Start of Block
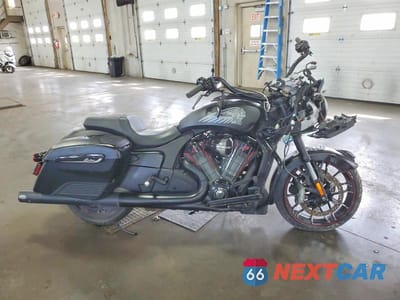 2022 INDIAN MOTORCYCLE CO. CHALLENGER DARK HORSE 56KLCCRR3N3412176 - główne zdjęcie licytacji z USA - miniatura
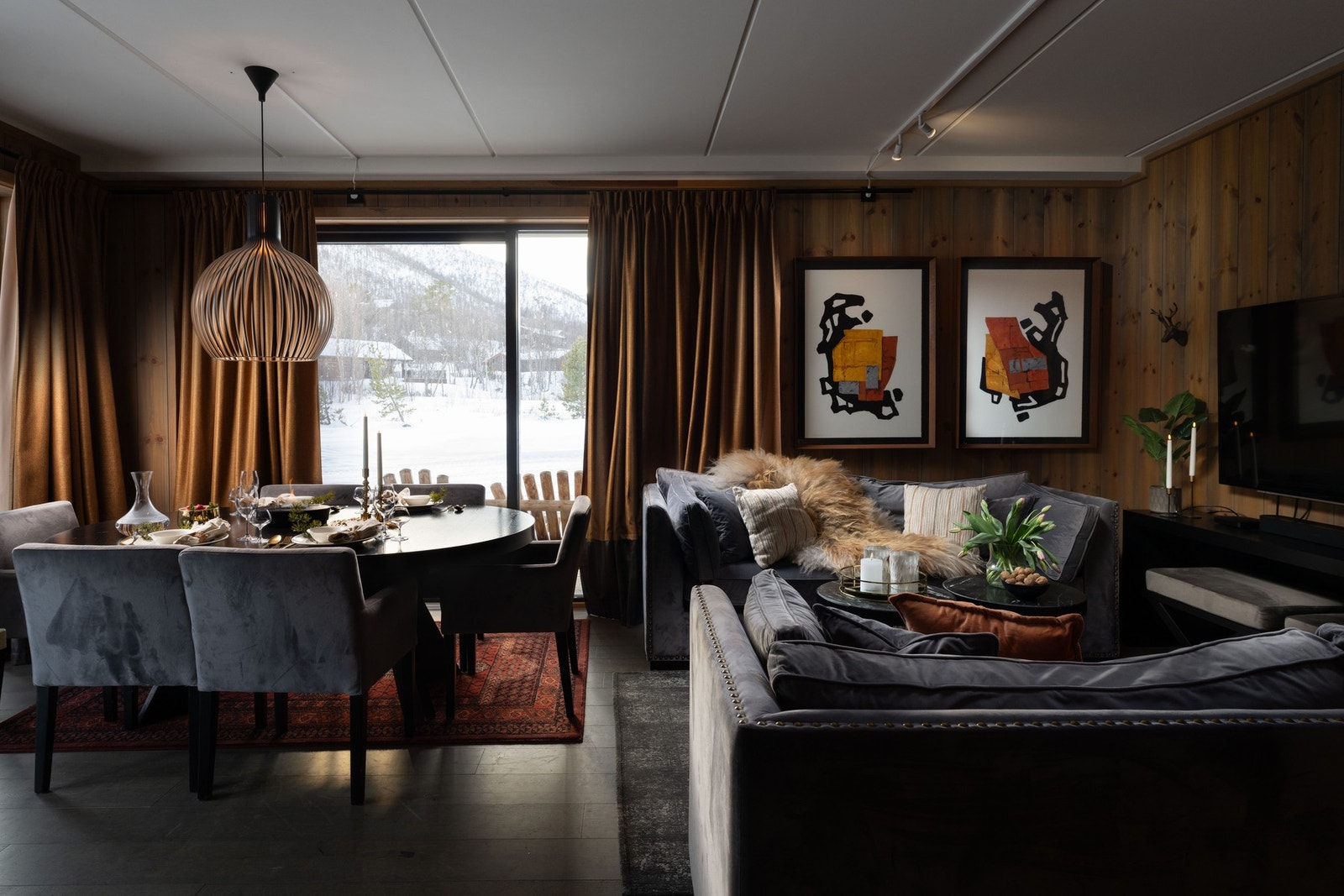 Samle familien til de gode stundene rundt spisebordet Galleribilde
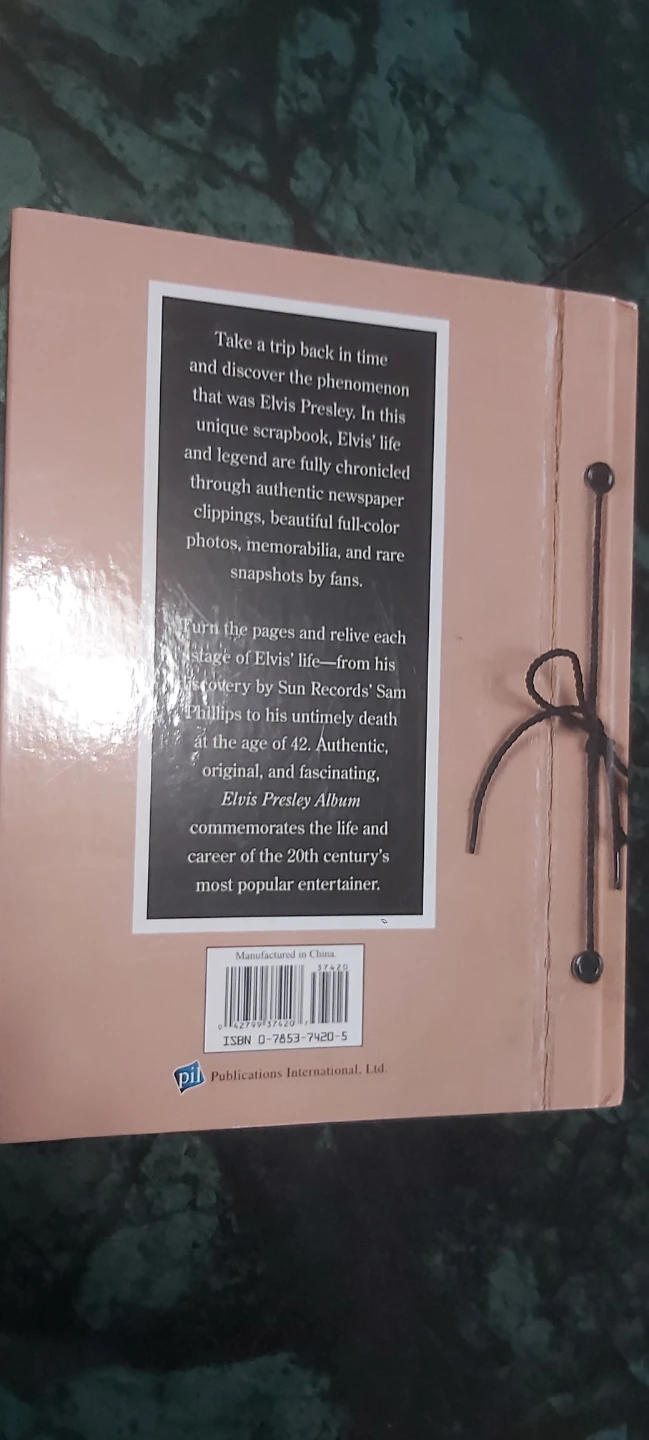 Elvis Presley hard cover Book Collection - photo 3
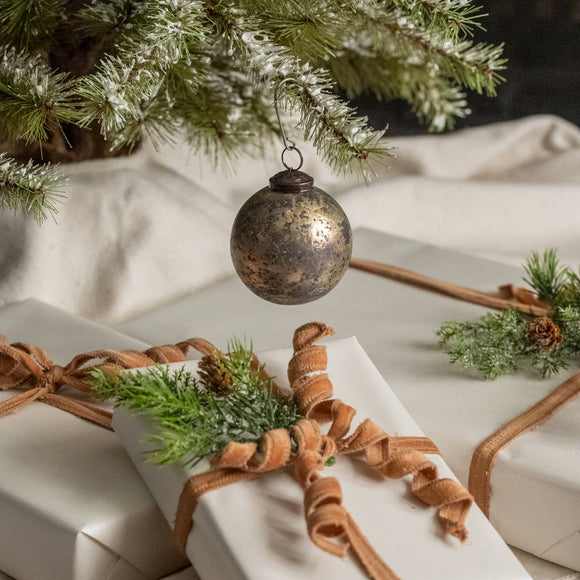 SILVER CRACKLE KUGEL ORNAMENT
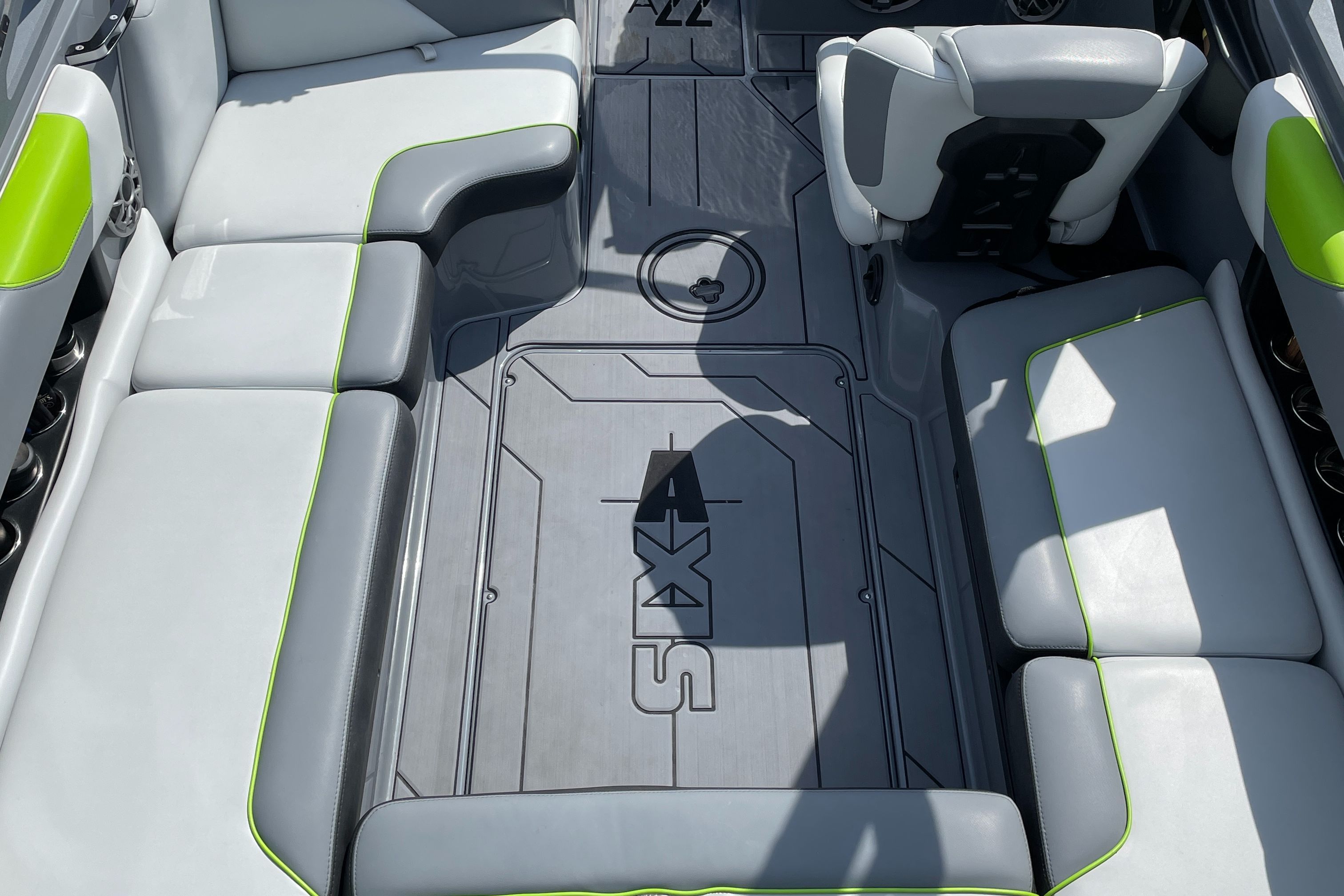 2019 Axis A22 - 8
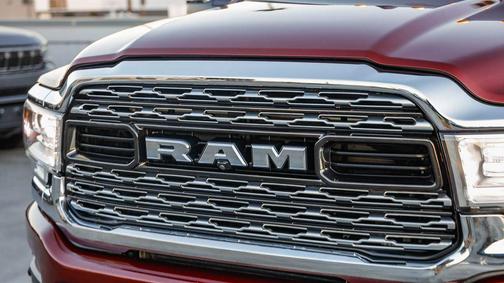 2024 RAM 3500 Limited Crew Cab 4x4 8' Box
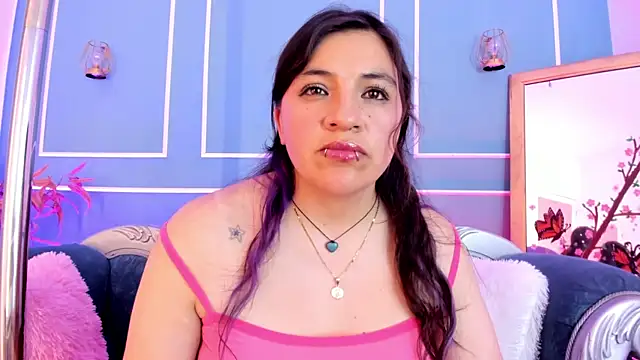 Chat XXX ao vivo de TaraTaylorr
End of Block
§ **To do**
For each record above, write it out exactly and omit any picture.

§ **Answer space**
 2022 INDIAN MOTORCYCLE CO. CHALLENGER DARK HORSE 56KLCCRR3N3412176 - główne zdjęcie licytacji z USA - miniatura
 Samle familien til de gode stundene rundt spisebordet Galleribilde
 Elvis Presley hard cover Book Collection - photo 3
 SILVER CRACKLE KUGEL ORNAMENT
 2019 Axis A22 - 8
 2024 RAM 3500 Limited Crew Cab 4x4 8' Box
 Chat XXX ao vivo de TaraTaylorr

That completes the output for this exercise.